Energy drinks: D2C to refine customer knowledge

As new food and beverage brands hit the market, those that gather the most insight into consumer reactions and desires early on have the best chance of success. As a result, many emerging brands are leveraging direct-to-consumer (D2C) online stores to refine their products more agilely than before the rise of e-commerce.

Mike Pengue, CEO of energy drink brand ZOA Energy, which sells both D2C and through third-party retailers, and a veteran of traditional beverage companies such as Keurig, Dr Pepper and Nestlé Waters, told PYMNS how direct selling helped the brand understand which products actually resonated with consumers.

“Especially for a small business, you want to be fast, you want to be nimble,” Pengue told PYMNTS in an interview. “You’re going to stub your toe early, but you want to stub it early and move on, and [D2C] gives us the opportunity to be able to be very, very fast.

Pengue noted that, early on, the company’s efforts with flavors that didn’t prove popular led to the development of the products that are now the most popular. Additionally, he noted that the model also makes it easier for the company to roll out limited-time offers and then “either launch them into the general market or move on to the next project.”

Additionally, Pengue explained that the media tracked by the company has been key to its success in the D2C market, with celebrity Dwayne Johnson as a co-founder. Certainly, the sale of cases online has created new opportunities for many to profit from the fanbases of well-known personalities. Not only D2C product brands, but also virtual-only restaurant chains have emerged as ways to test influencer partnerships without the high cost of brick-and-mortar retailers or restaurants.

In addition to selling products for one-time purchases, the beverage brand is also branching out into subscription commerce.

“We want to create a relationship with our consumers, our main followers,” Pengue said.

In fact, subscription food and beverage purchases are on the rise. Research from PYMNTS’ recent study “How The World Does Digital: The Impact Of Payments On Digital Transformation,” which draws on census-balanced panel surveys of more than 15,000 consumers in 11 key economies, reveals that the use of grocery subscription services jumped 8% between Q1 2022 and Q2 2022.

Related: Research Finds Global Consumer Digital Engagement Jumped 1.2% in Q2

In addition, research from The Subscription Commerce Conversion Index, created in collaboration with subscription-based e-commerce platform sticky.io, which is based on a census-balanced survey of more than 1,900 American adults earlier this year, finds that 56% of consumers would be interested in a grocery subscription if product prices were lower.

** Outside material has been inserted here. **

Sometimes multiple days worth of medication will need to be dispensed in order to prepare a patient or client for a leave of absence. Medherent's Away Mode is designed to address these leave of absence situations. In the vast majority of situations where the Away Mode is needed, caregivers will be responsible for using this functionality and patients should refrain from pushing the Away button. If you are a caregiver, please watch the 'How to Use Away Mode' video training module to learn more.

See also: Inflation multiplies by 10 the number of consumers reassessing the value of the subscription

Additionally, a study from the February/March edition of PYMNTS’ Digital Divide study, “Digital Divide: Restaurant Subscribers And Loyalty Programs,” found that 17% of consumers are “very” or “extremely” interested in providing a restaurant subscription service, and 25% are concept neutral.

Read more: Four in 10 consumers are open to restaurant subscription services

Additionally, for ZOA, the subscription offer not only builds loyalty, but also provides a research opportunity, as the company solicits feedback from its subscribers, saving time and money on other types of research.

As Pengue explained, “That direct communication, that direct relationship with them is very, very powerful.”